I direttori del personale non hanno “paura” del salario minimo e al contrario ne colgono le diverse opportunità: il 70% è favorevole alla sua introduzione. Possiamo così sintetizzare il sentiment prevalente dei rispondenti all’indagine promossa dall’Aidp, l’associazione per la direzione del personale, sul tema del salario minimo, divenuto di stretta attualità a seguito della bozza di accordo raggiunta da Consiglio e Parlamento Ue sulla direttiva ad inizio giugno, ma non ancora approvata definitivamente.

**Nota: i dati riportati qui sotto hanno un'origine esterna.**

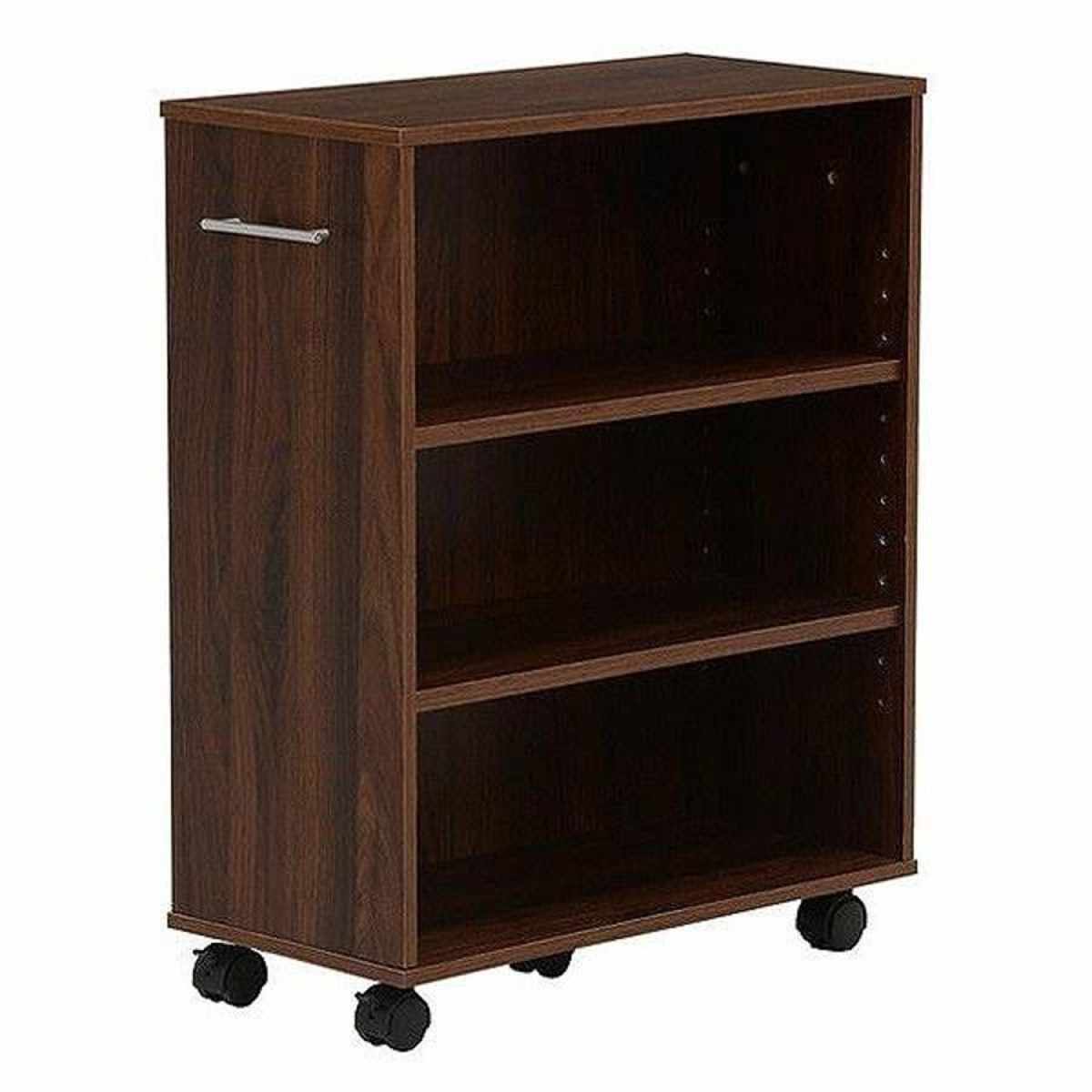 すきま収納ラック 幅26cm キャスター付 可動棚 3段 ( マガジンラック 本棚 収納棚 オープンラック クローゼット収納 隙間収納 収納 ラック シェルフ 木製 本 漫画 文庫本 コミック マンガ CD DVD ブルーレイ ) 【ブラウン】 ブラウン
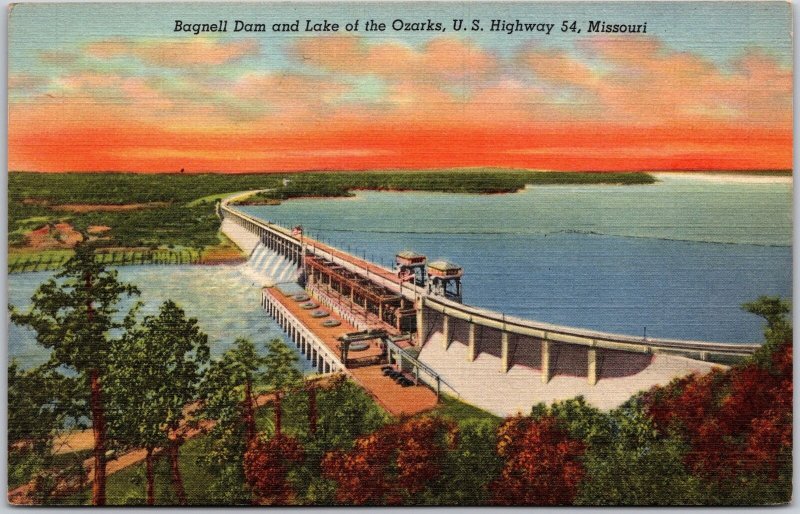 Missouri MO, Bagnell Dam & Lake of the Ozarks, U.S. Highway54, Vintage Postcard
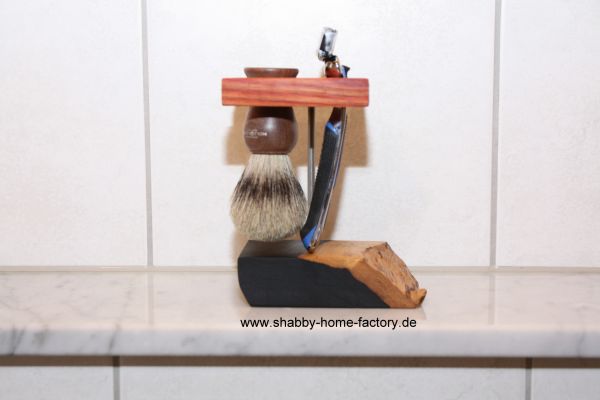 Rasierpinselhalter, Rasierständer, Rasierpinsel, Rasierer, Holz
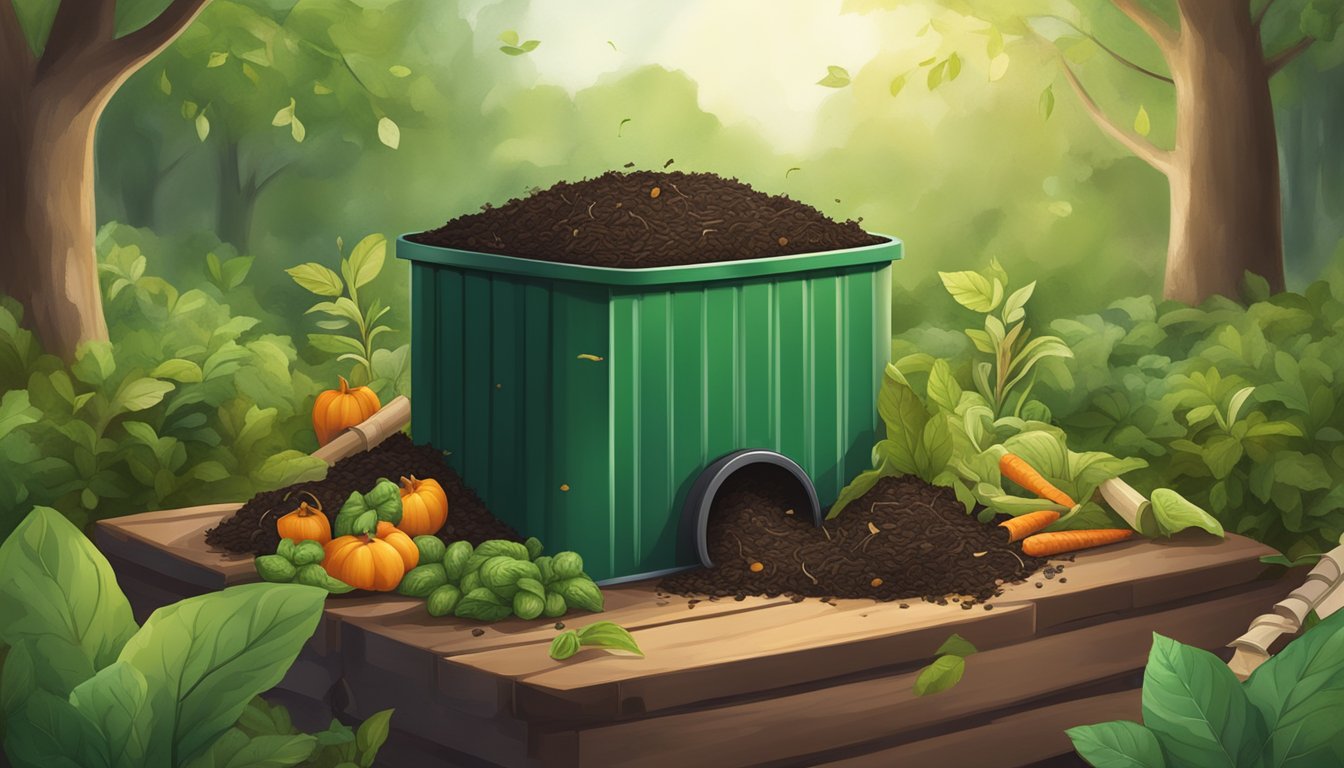 A compost bin with a mix of tea leaves, vegetable scraps, and soil, surrounded by natural elements like leaves and twigs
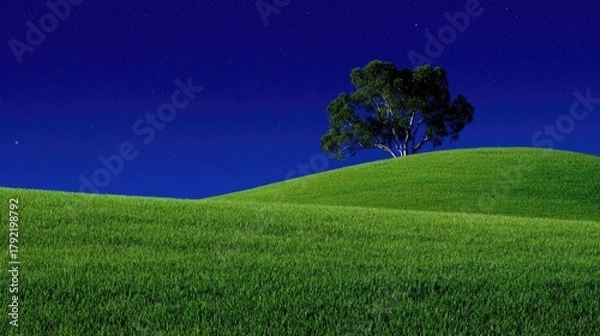 Fototapeta Lush green hills under a starlit sky.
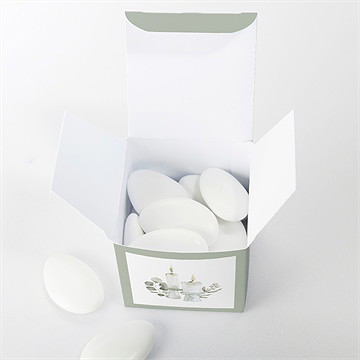 Boîte de dragées baptême cierges - Intérieur de la boîte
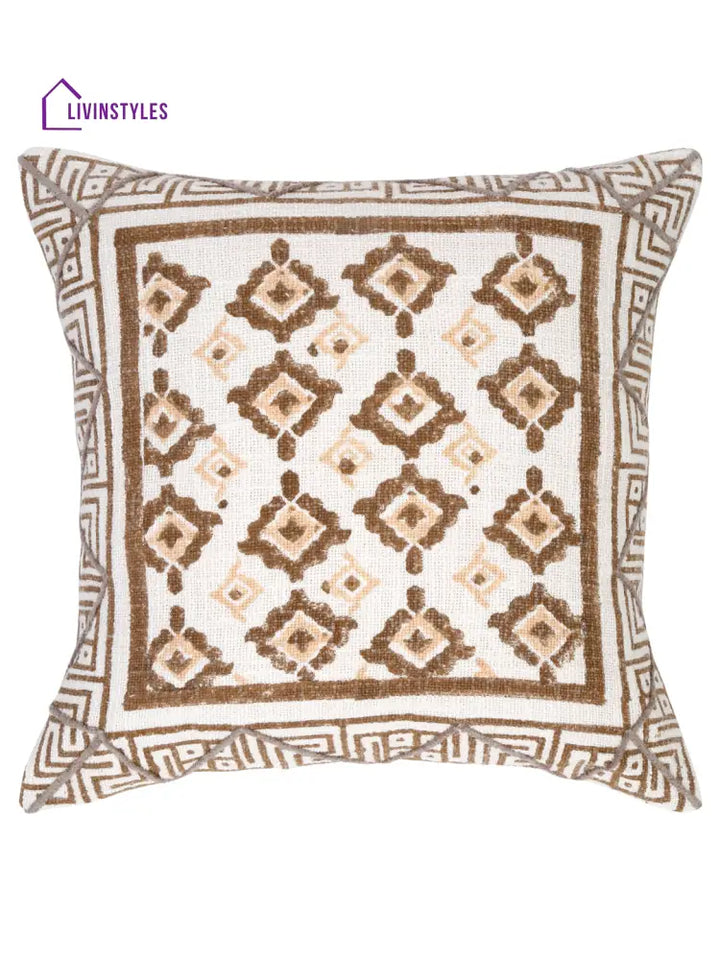Eyda Hand Block Printed Cotton Sofa Cushion Covers Set Of 2 18X18 Inch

Da un lato i risultati dell’indagine evidenziano una sostanziale e diffusa consapevolezza che l’introduzione di tale misura non inciderà negativamente nel nostro sistema di relazioni sindacali: il 74% dei rispondenti, infatti, ritiene che non impatterà sull’aumento del costo del lavoro, oltre l’86% che le relazioni sindacali non verranno indebolite o inasprite e il 66% che la misura non allontanerà le imprese dal contratto nazionale (CCNL).
Dall’altro prevale la convinzione che il salario minimo avrà effetti benefici sui una specifica categoria di lavoratori più deboli e meno qualificati: il 61% ritiene, infatti, che il salario minimo ridurrà la disuguaglianza nei livelli salariali aumentando il salario dei lavoratori meno retribuiti, circa il 71% che ne trarranno beneficio soprattutto i lavoratori meno qualificati e protetti. Da evidenziare, inoltre, che un’elevata percentuale di rispondenti (il 70%) ritiene necessario legare il salario minimo al costo della vita su base regionale. Questi i dati principali emersi dall’indagine Aidp, a cuihanno risposto circa 600 direttori del personale, curata del Centro Ricerche Aidp guidato dal professor Umberto Frigelli.
“Il punto di partenza di ogni dibattito intorno sul salario minimo deve tener conto della specificità italiana. Parliamo di una lunga storia di relazioni sindacali e di contrattazione e che molti paesi europei hanno in misura minore, che ha coperto, e copre, gran parte del mercato del lavoro con diritti e doveri, compreso ovviamente il tema salariale, regolati dai contratti collettivi nazionali ampiamente diffusi – spiega Matilde Marandola, Presidente Nazionale AIDP –. La vera questione è capire come garantire anche a quella parte minoritaria del nostro sistema che è fuori dai contratti nazionali un’adeguata tutela salariale. In questo senso l’introduzione di una misura che vada in questa direzione come il salario minimo per legge può avere una sua ragion d’essere. La sua introduzione, tuttavia, deve avvenire in modo equilibrato e virtuoso all’interno di un sistema come il nostro in cui il ruolo e la funzione regolatrice delle parti sociali sono largamente estesi”.
Dimissioni volontarie, lavoro nero e reddito di cittadinanza. Dall’indagine emerge una sostanziale neutralità del salario minimo rispetto all’incidenza che potrebbe avere sui diversi capitoli e trend del nostro mercato del lavoro, chiamati in causa dal dibattito pubblico sul tema. Il 72% ritiene che la misura non diminuirà la percentuale di dimissioni volontarie, il 67% che non ci sarà nessun impatto sulla diminuzione del lavoro nero e il 50% che questa soluzione non ridurrà l’accesso al reddito di cittadinanza contro il 32%, invece, che ritiene questa opzione possibile.